Toll-like receptors (TLRs) mediate the induction of the innate immune system in response to pathogens, injury and disease. However, they also play non-immune roles and are expressed in the central nervous system (CNS) during prenatal and postnatal stages including adulthood. Little is known about their roles in the CNS in the absence of pathology. Several members of the TLR family have been implicated in the development of neural and cognitive function although the contribution of TLR9 to these processes has not been well defined. The current studies were undertaken to determine whether developmental TLR9 deficiency affects motor, sensory or cognitive functions.
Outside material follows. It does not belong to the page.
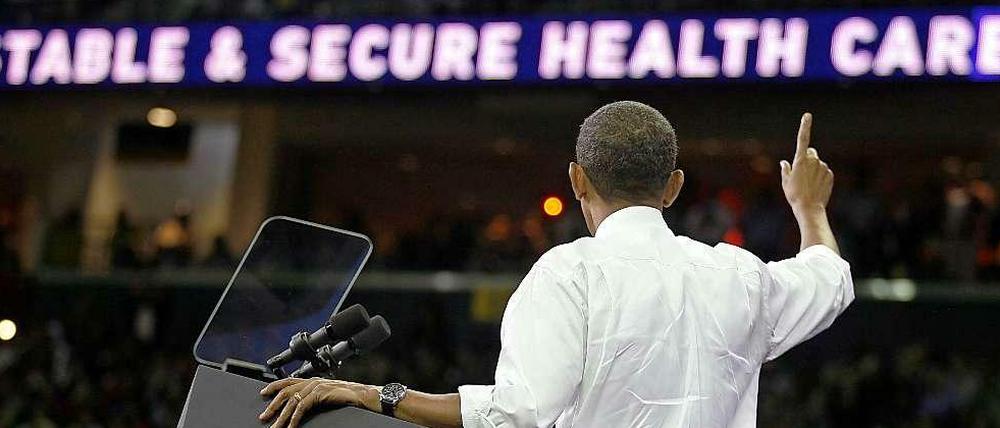 Seit Jahren wirbt US-Präsident Barack Obama für seine Gesundheitsreform. Doch die Kritik im eigenen Land ist noch immer enorm.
We report that TLR9 deficient (TLR9-/-) mice show a hyper-responsive sensory and motor phenotype compared to wild type (TLR9+/+) controls. This is indicated by hypersensitivity to thermal stimuli in the hot plate paw withdrawal test, enhanced motor-responsivity under anxious conditions in the open field test and greater sensorimotor reactivity in the acoustic startle response. Prepulse inhibition (PPI) of the acoustic startle response was also enhanced, which indicates abnormal sensorimotor gating. In addition, subtle, but significant, gait abnormalities were noted in the TLR9-/- mice on the horizontal balance beam test with higher foot slip numbers than TLR9+/+ controls. In contrast, spatial learning and memory, assessed by the Morris water maze, was similar in the TLR9-/- and TLR9+/+ mice. These findings support the notion that TLR9 is important for the appropriate development of sensory and motor behaviors.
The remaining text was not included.